Question 2 adjusted model coefficient: log odds = -0.02877, Probability = 1 / (1 + exp(0.02877)) ≈ 0.492 or 49% SE = 0.16952
Question 4 model coefficient: log odds = -1.5126, Probability = 1/(1 + exp (-1.5126)) ≈ 0.1808 or 18% SE = 0.3441
While, both the adjusted model coefficient from q2 and the IPTW coefficient from q4 seek to address confounding, there are noteworthy differences between their coefficients and SE. The magnitude of the q4 coefficient is larger than the magnitude of the q2 coefficient.
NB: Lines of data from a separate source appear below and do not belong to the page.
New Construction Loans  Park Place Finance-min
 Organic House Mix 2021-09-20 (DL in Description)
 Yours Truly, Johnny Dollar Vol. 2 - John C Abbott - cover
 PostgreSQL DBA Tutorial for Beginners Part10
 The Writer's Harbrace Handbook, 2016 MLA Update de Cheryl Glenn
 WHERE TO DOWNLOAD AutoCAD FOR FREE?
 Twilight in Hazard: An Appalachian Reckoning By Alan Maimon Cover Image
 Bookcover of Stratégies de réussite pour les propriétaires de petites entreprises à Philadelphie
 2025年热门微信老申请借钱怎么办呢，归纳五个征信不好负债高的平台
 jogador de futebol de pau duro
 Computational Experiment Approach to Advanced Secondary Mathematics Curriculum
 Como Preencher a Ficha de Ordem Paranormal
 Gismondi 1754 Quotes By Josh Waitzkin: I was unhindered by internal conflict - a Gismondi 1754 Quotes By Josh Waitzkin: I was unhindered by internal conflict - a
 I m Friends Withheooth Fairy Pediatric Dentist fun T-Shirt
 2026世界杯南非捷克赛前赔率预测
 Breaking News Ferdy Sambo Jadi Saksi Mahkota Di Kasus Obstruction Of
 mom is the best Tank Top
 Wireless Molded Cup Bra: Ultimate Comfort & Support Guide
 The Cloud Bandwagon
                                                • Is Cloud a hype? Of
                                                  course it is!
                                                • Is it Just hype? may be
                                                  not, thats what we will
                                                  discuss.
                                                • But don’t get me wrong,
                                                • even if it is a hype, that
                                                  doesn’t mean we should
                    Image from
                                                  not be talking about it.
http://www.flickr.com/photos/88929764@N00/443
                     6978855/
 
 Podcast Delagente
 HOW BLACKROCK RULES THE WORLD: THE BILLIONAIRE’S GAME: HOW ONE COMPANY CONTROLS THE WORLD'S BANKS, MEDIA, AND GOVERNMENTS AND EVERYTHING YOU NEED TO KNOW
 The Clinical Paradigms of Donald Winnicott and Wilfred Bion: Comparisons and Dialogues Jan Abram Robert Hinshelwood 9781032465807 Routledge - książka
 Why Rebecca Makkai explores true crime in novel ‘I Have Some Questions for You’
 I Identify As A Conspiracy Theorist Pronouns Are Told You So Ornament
The q4 SE is more than double that of q2. Keeping in mind that both models address confounding using different methods and with different assumptions, I don’t think it’s unusal to see differences. I guess I can comment that the differences show that there is an effect of weighting in the model on confounding. An increase in standard error may mean an increase in variation suggesting more uncertainity with the inverse probability weighting.